EXERCISE: Write out, without any change, the lines in the material below that run from the line with "Cardiovascular Research Vitamin E-400 100sg" through the line with "Fashionable Retro-Style Hand-Braided", both included.

RECORDS:
####
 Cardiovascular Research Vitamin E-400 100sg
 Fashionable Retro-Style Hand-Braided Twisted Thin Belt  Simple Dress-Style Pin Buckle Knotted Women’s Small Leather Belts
####
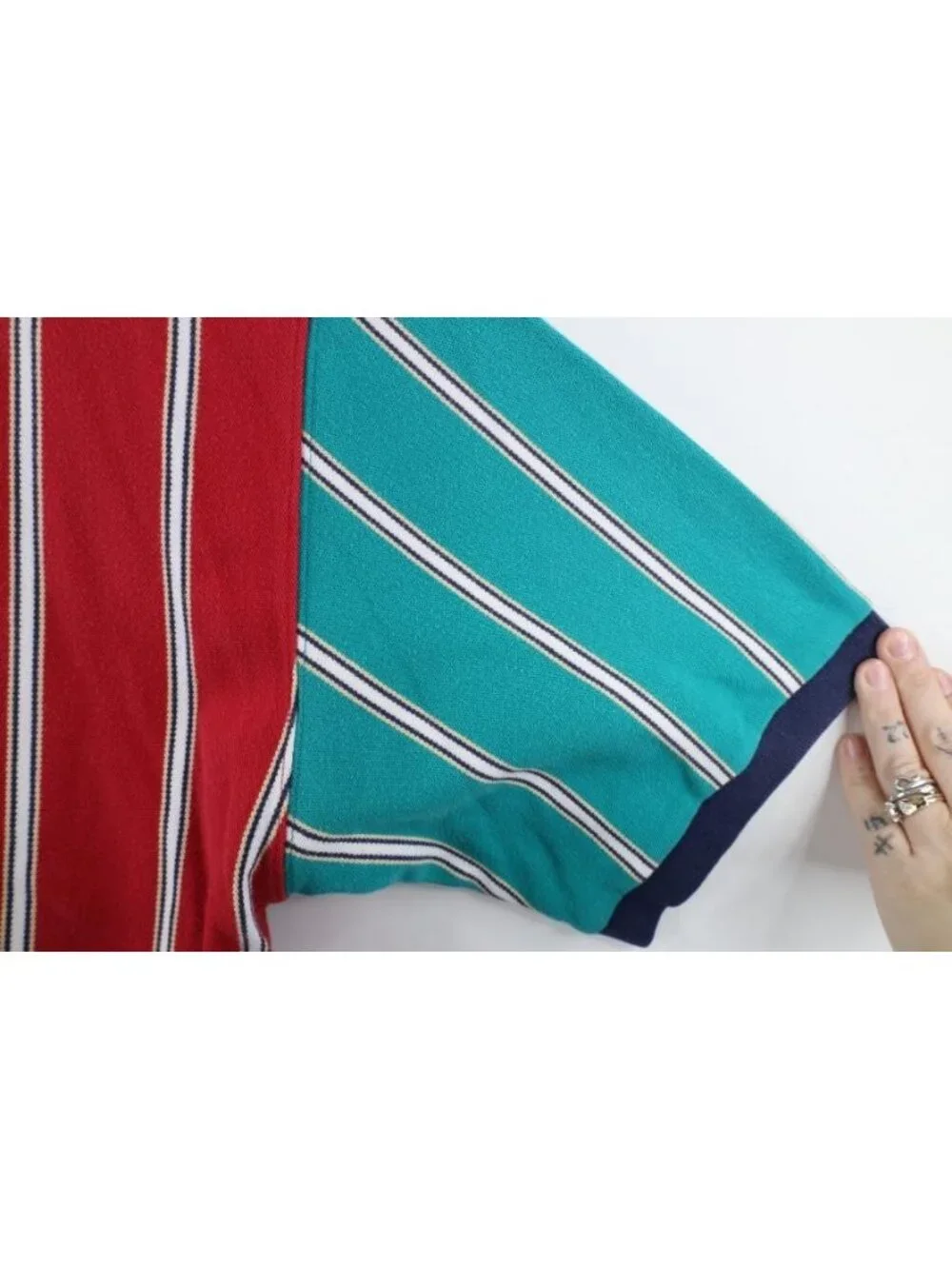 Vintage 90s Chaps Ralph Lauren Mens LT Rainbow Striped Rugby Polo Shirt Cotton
####
RESPONSE AREA:
 Cardiovascular Research Vitamin E-400 100sg
 Fashionable Retro-Style Hand-Braided Twisted Thin Belt  Simple Dress-Style Pin Buckle Knotted Women’s Small Leather Belts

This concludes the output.